### TASK DESCRIPTION
The answer should consist of the full listing below, repeated exactly and free of pictures.

### INFORMATION SHOWN
......

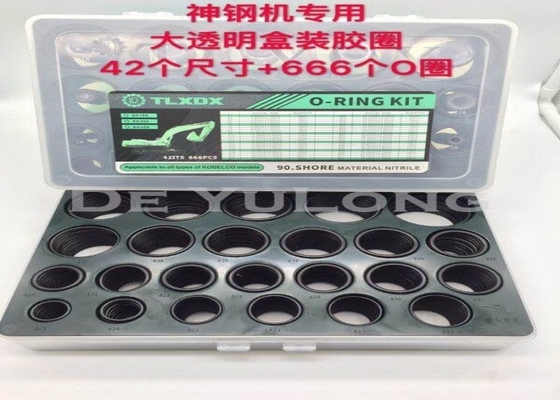 Kobelco Sk O Ring Box 666 Pcs Nbr 90 Shore Air Permeable 42 Sizes Waterproof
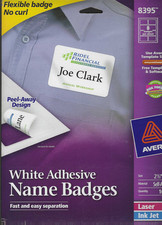 Avery 8395 Laser Inkjet Name Badges White 2 1...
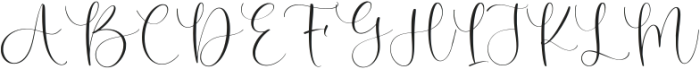 Wisterian otf (400) Font UPPERCASE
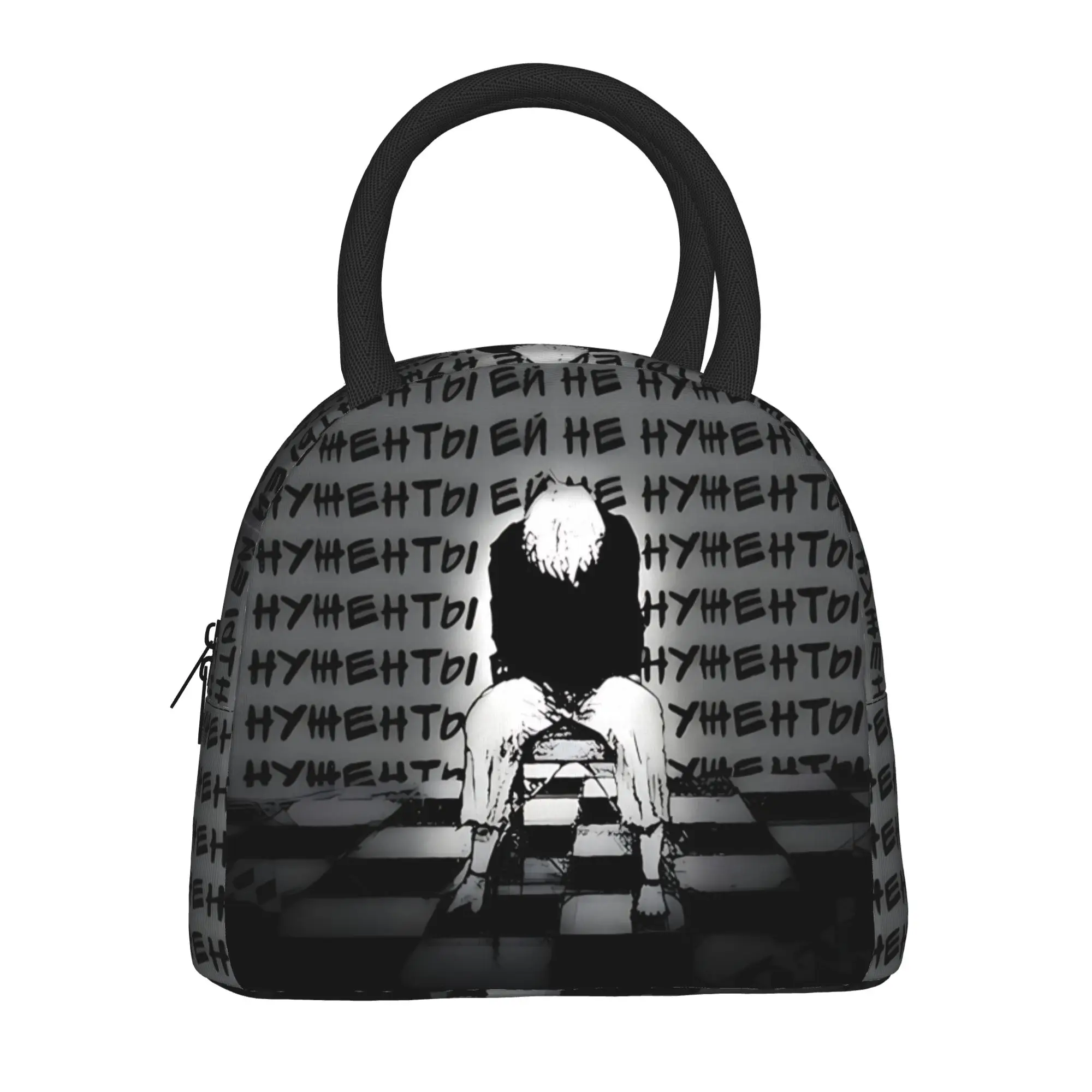Halloween Tokyo Ghoul Kaneki Insulated Lunch Bag Insulation Bento Pack Rice Bag  bolsa Student Bento Lunch Handbag Insulation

......

### FINAL ANSWER
 Kobelco Sk O Ring Box 666 Pcs Nbr 90 Shore Air Permeable 42 Sizes Waterproof
 Avery 8395 Laser Inkjet Name Badges White 2 1...
 Wisterian otf (400) Font UPPERCASE
Halloween Tokyo Ghoul Kaneki Insulated Lunch Bag Insulation Bento Pack Rice Bag  bolsa Student Bento Lunch Handbag Insulation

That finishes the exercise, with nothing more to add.